William Commegrain. Les féminines.fr. Gérard Prêcheur, donne peu d’interviews en dehors des matches. Il a accepté de répondre à nos questions à la veille de l’OL – Juvisy du 1er novembre 2015.

Directeur de l’élite française des jeunes en sélections nationales, tant chez les responsables des garçons que chez les filles, a changé de cap pour prendre la décision d’aller sur le terrain de la compétition. En signant à l’Olympique Lyonnais la saison dernière, il est entré dans un club très structuré et a maintenu la performance passée en gagnant le titre de Champion de France (9ème titre consécutif) et la Coupe de France (4ème titre de suite) tout en chutant pour l’Europe.
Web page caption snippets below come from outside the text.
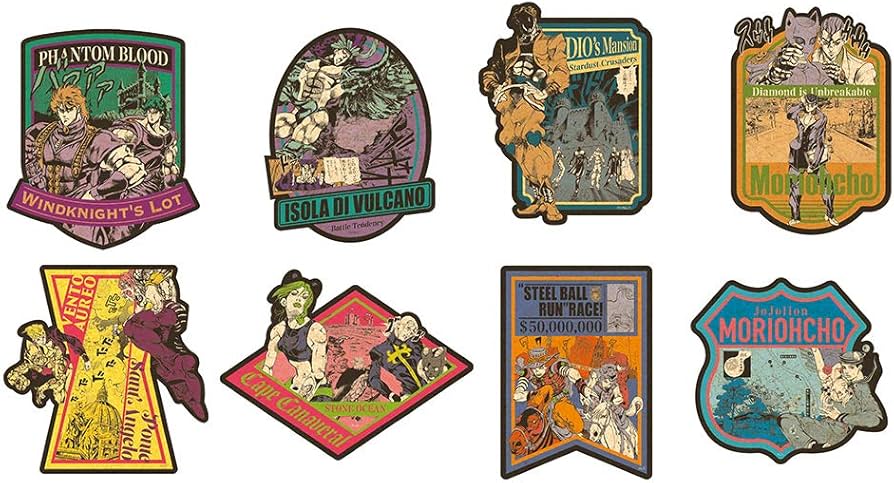 Amazon.co.jp: 『ジョジョの奇妙な冒険』トラベルステッカー（決戦の地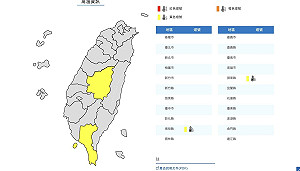 連假氣溫持續升高  南部午後出現黃色燈號  氣象局：外出慎防熱傷害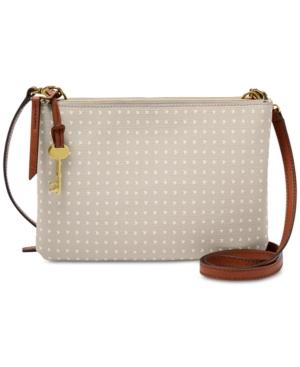 Fossil Devon Printed Crossbody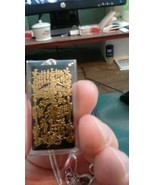 NICHIREN SHU OMAMORI GOHONZON With 22K GOLD KANJIN CHARACTERS With Chain... - £183.87 GBP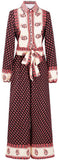 Vintage Printed Shirt & Pant Set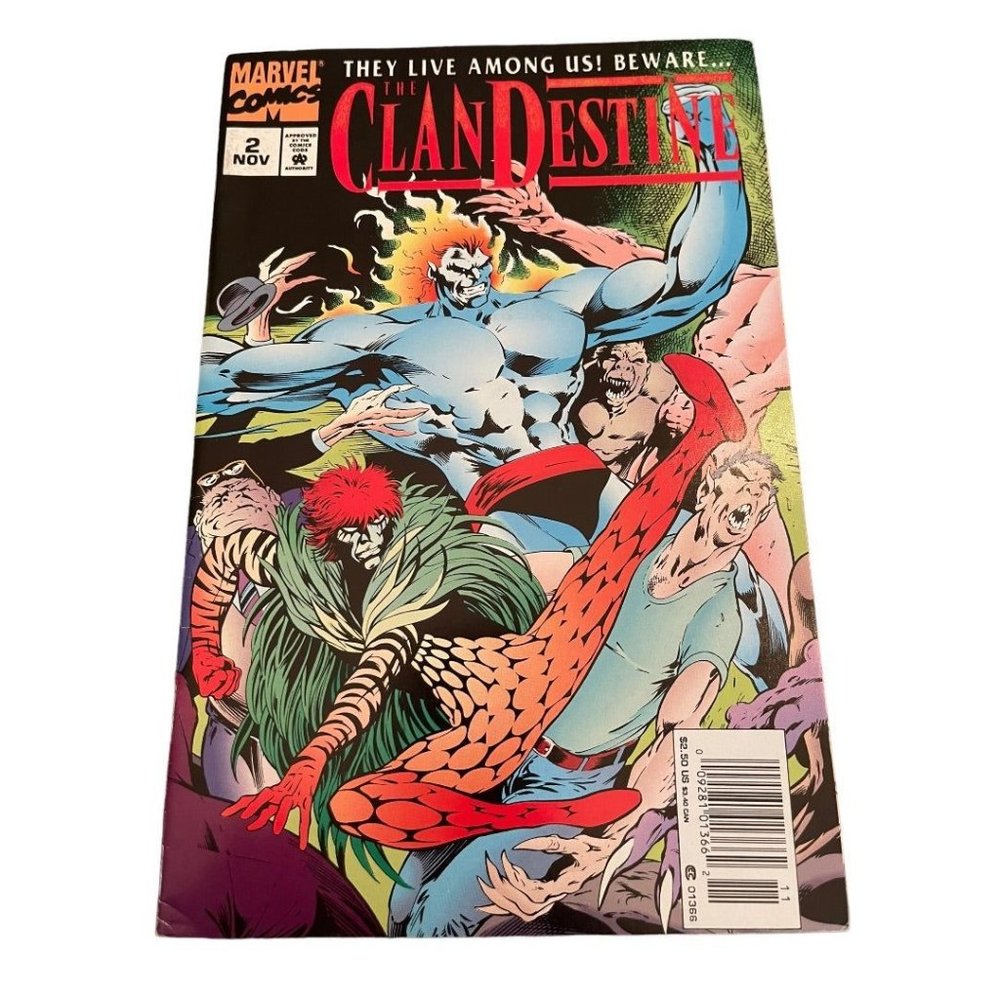 Clandestine #2 Marvel Comics Adam Destine, Modok, Silver Surfer 1994
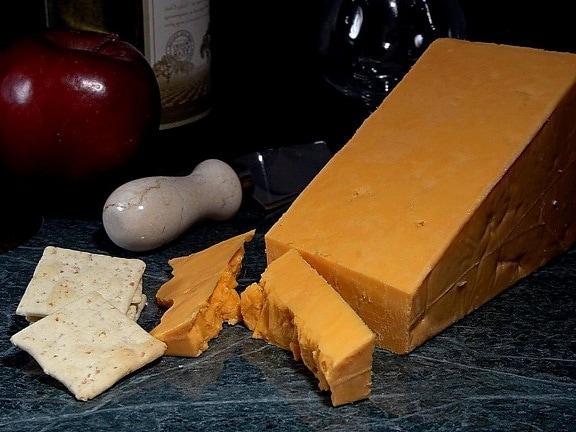 red, leicester, cheese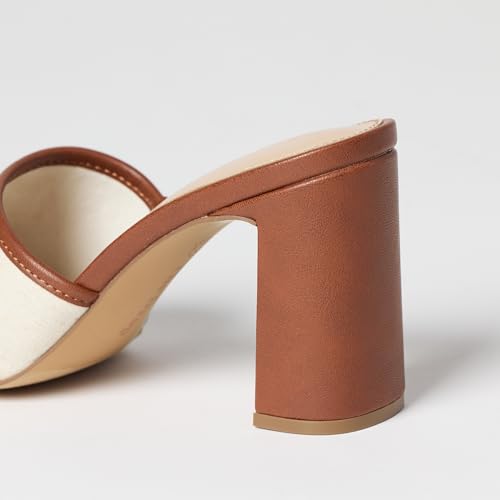 The Drop Women's Pattie Block Heeled Mule Sandal4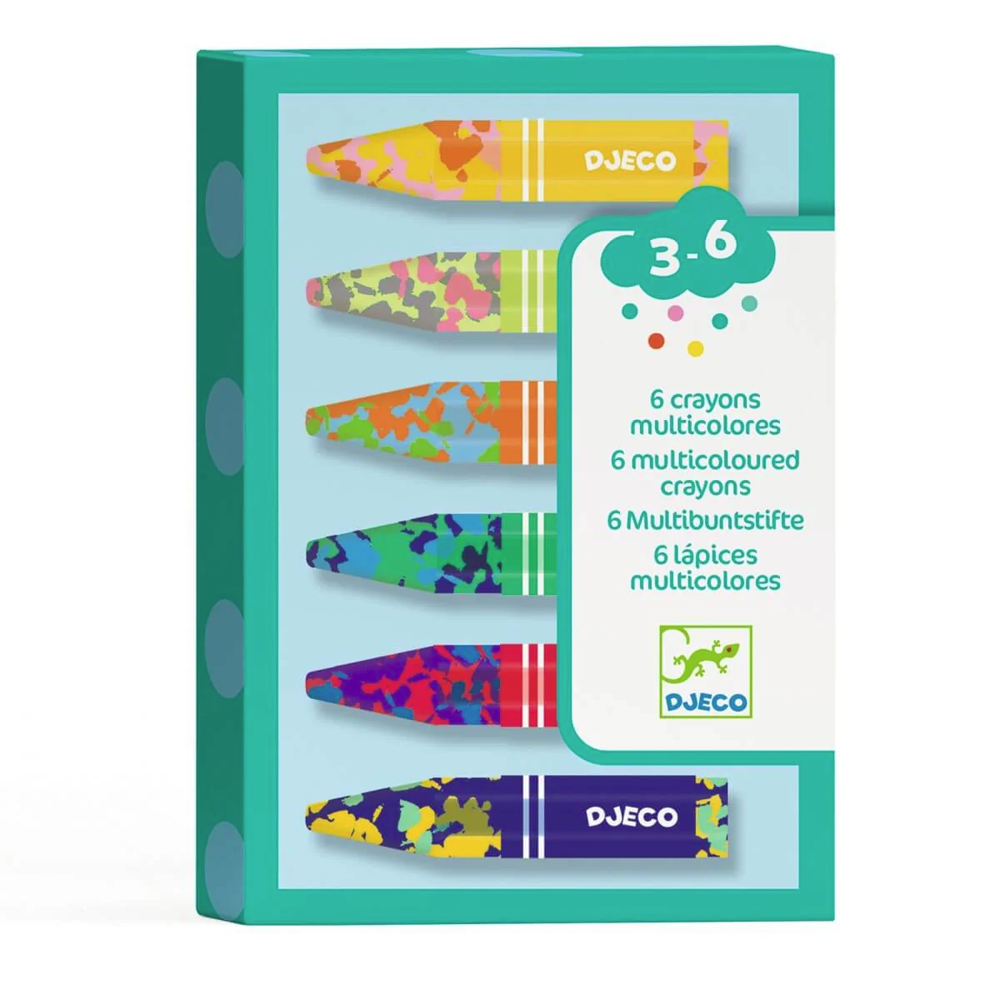 Crayons de cire multicolores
Aujourd’hui, il apporte à l’OL sa connaissance de la jeune élite française dans un milieu où la ressource au niveau de l’OL est rare d’autant plus qu’elle doit être complémentaire et intégrée avec parcimonie pour que le projet de jeu se maintienne.

Avec une envie très forte de compétitions, de titre et de victoires, il nous livre ses impressions sur la particularité de l’OL et sur les performances à venir.

Merci beaucoup d’avoir accepté cet interview au téléphone. Je ne fais pas d’interview au téléphone normalement, mais seulement de visu, mais je suis d’accord.

L’Olympique Lyonnais, c’est quoi au quotidien ? 

C’est comme pas mal de clubs. C’est un club professionnel qui crée le contexte favorable pour que les techniciens que nous sommes, le staff technique et les joueuses, fassent notre métier. Nous faisons notre métier d’entraîneur avec comme objectif de préparer les joueuses à la haute compétition, de les préparer techniquement, tactiquement, physiquement, individuellement et collectivement.

On sent à vous écouter que tout est structuré et hiérarchisé.

A l’Ol chacun a sa mission et nous devons la remplir pour que le club atteigne ses objectifs.
C’est une entreprise et elle fonctionne comme toute entreprise, comme pour une association qui sont sous la loi du régime de 1901, mais qui sont très bien organisées et très bien structurées. Effectivement, à l’Olympique Lyonnais, que ce soit chez les garçons comme chez les filles, je dirais que chacun a sa mission. Nous devons la remplir pour que le club aille droit. Tout est bien organisé et hiérarchisé.

Existe-t-il une grande différence entre le poste que vous occupiez auparavant et celui de coach de l’OL ?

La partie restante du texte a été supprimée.